I have no idea what a hatch device is, nor what pokemon have anything to
do with things.

> precisely. These 3 devices are KabyLake devices. Intel team has verified

But no actual Intel person with a Reviewed-by tag we can go pester if
this turns out to be wrong.

> that all KBL devices have 24.0 MHz clock frequency, therefore this
> change is valid.

And yet you only change KBL_L.

And why, pray *WHY* can't Intel simply write the correct information in
CPUID leaf 15h. I mean, they defined the leaf, might as well use it, no?

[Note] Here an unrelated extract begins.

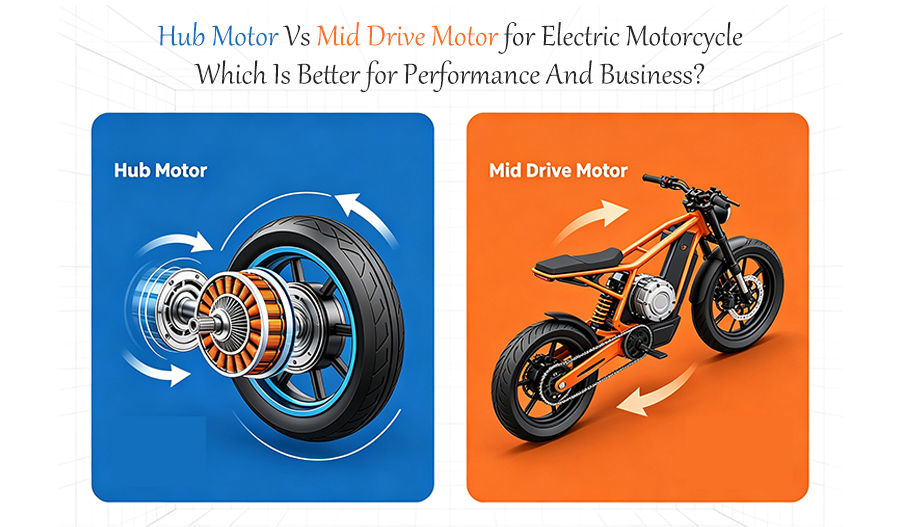 Hub Motor Vs Mid Drive Motor for Electric Motorcycle: Which Is Better for Performance And Business?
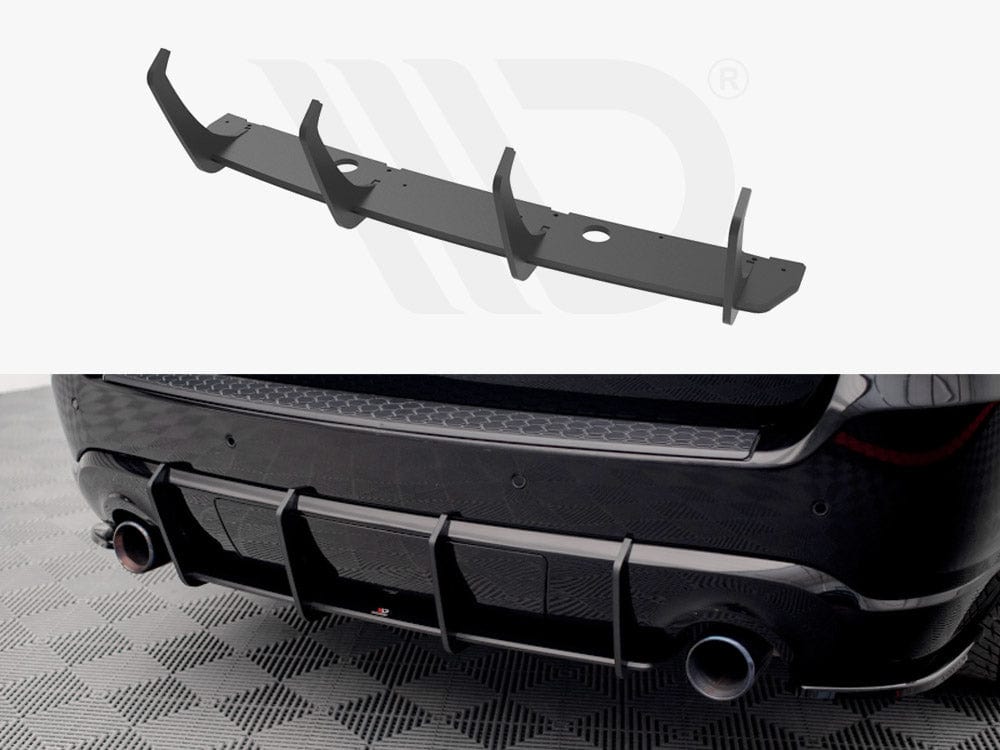 Maxton Design Black Street PRO Rear Diffuser V.2 Dodge Durango RT MK3 2014-2020 Maxton Design SR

> Signed-off-by: Rishabh Agrawal <rishabhagr@chromium.org>
> ---
> 
> Changes in v2:
>   - Adding Thomas Gleixner, Daniel Drake, Rafael Wysocki, Len brown and Ingo to review since you worked on this.
> 
>  arch/x86/kernel/tsc.c | 17 ++++++++++++++---
>  1 file changed, 14 insertions(+), 3 deletions(-)
> 
> diff --git a/arch/x86/kernel/tsc.c b/arch/x86/kernel/tsc.c
> index cafacb2e58cc..63a06224fa48 100644
> --- a/arch/x86/kernel/tsc.c
> +++ b/arch/x86/kernel/tsc.c
> @@ -644,10 +644,21 @@ unsigned long native_calibrate_tsc(void)
>  	 * Denverton SoCs don't report crystal clock, and also don't support
>  	 * CPUID.0x16 for the calculation below, so hardcode the 25MHz crystal
>  	 * clock.
> +	 *
> +	 * Intel KabyLake devices' clocks are off by 0.5% when using the below
> +	 * calculation, so hardcode 24.0 MHz crystal clock.
>  	 */
> -	if (crystal_khz == 0 &&
> -			boot_cpu_data.x86_model == INTEL_FAM6_ATOM_GOLDMONT_D)
> -		crystal_khz = 25000;
> +	if (crystal_khz == 0) {
> +		switch (boot_cpu_data.x86_model) {
> +		case INTEL_FAM6_ATOM_GOLDMONT_D:
> +			crystal_khz = 25000;
> +			break;
> +		case INTEL_FAM6_KABYLAKE_L:
> +			crystal_khz = 24000;
> +			break;
> +		}
> +
> +	}
>  
>  	/*
>  	 * TSC frequency reported directly by CPUID is a "hardware reported"
> -- 
> 2.38.0.413.g74048e4d9e-goog
>
  
Dave Hansen Oct. 20, 2022, 5:18 p.m. UTC | #2
On 10/20/22 10:13, Peter Zijlstra wrote:
> And why, pray *WHY* can't Intel simply write the correct information in
> CPUID leaf 15h. I mean, they defined the leaf, might as well use it, no?

Is the data that's in the leaf just wrong?  Doesn't that mean that the
CPUID leaf on these models is violating the architecture contract?  That
sounds like something that deserves an erratum.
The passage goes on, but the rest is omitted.